> **Stored records**:
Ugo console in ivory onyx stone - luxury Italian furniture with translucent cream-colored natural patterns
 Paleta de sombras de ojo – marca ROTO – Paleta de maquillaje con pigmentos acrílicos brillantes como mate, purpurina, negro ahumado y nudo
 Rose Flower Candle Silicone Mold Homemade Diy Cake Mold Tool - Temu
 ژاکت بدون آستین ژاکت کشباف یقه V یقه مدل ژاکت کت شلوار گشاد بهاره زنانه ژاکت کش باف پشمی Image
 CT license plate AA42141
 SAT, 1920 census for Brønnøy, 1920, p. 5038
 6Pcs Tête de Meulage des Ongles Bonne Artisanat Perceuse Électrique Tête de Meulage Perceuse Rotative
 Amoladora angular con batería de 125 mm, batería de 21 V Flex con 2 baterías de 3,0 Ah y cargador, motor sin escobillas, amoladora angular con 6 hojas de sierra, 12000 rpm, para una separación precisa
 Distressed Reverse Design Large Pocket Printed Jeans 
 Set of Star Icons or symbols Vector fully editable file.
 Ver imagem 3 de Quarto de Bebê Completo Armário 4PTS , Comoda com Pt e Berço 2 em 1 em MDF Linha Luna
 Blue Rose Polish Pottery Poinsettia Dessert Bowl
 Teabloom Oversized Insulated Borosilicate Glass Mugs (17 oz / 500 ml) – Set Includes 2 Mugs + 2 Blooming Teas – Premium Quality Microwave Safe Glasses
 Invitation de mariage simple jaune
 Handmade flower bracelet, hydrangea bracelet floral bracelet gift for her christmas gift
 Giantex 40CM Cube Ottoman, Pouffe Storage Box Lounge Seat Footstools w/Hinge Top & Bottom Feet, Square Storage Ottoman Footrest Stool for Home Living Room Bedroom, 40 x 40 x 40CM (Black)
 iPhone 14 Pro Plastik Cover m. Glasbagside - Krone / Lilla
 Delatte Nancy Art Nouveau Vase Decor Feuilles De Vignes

> **What you have to do**: Copy each line of the data above exactly as it appears.

> **Task answer**:
Ugo console in ivory onyx stone - luxury Italian furniture with translucent cream-colored natural patterns
 Paleta de sombras de ojo – marca ROTO – Paleta de maquillaje con pigmentos acrílicos brillantes como mate, purpurina, negro ahumado y nudo
 Rose Flower Candle Silicone Mold Homemade Diy Cake Mold Tool - Temu
 ژاکت بدون آستین ژاکت کشباف یقه V یقه مدل ژاکت کت شلوار گشاد بهاره زنانه ژاکت کش باف پشمی Image
 CT license plate AA42141
 SAT, 1920 census for Brønnøy, 1920, p. 5038
 6Pcs Tête de Meulage des Ongles Bonne Artisanat Perceuse Électrique Tête de Meulage Perceuse Rotative
 Amoladora angular con batería de 125 mm, batería de 21 V Flex con 2 baterías de 3,0 Ah y cargador, motor sin escobillas, amoladora angular con 6 hojas de sierra, 12000 rpm, para una separación precisa
 Distressed Reverse Design Large Pocket Printed Jeans 
 Set of Star Icons or symbols Vector fully editable file.
 Ver imagem 3 de Quarto de Bebê Completo Armário 4PTS , Comoda com Pt e Berço 2 em 1 em MDF Linha Luna
 Blue Rose Polish Pottery Poinsettia Dessert Bowl
 Teabloom Oversized Insulated Borosilicate Glass Mugs (17 oz / 500 ml) – Set Includes 2 Mugs + 2 Blooming Teas – Premium Quality Microwave Safe Glasses
 Invitation de mariage simple jaune
 Handmade flower bracelet, hydrangea bracelet floral bracelet gift for her christmas gift
 Giantex 40CM Cube Ottoman, Pouffe Storage Box Lounge Seat Footstools w/Hinge Top & Bottom Feet, Square Storage Ottoman Footrest Stool for Home Living Room Bedroom, 40 x 40 x 40CM (Black)
 iPhone 14 Pro Plastik Cover m. Glasbagside - Krone / Lilla
 Delatte Nancy Art Nouveau Vase Decor Feuilles De Vignes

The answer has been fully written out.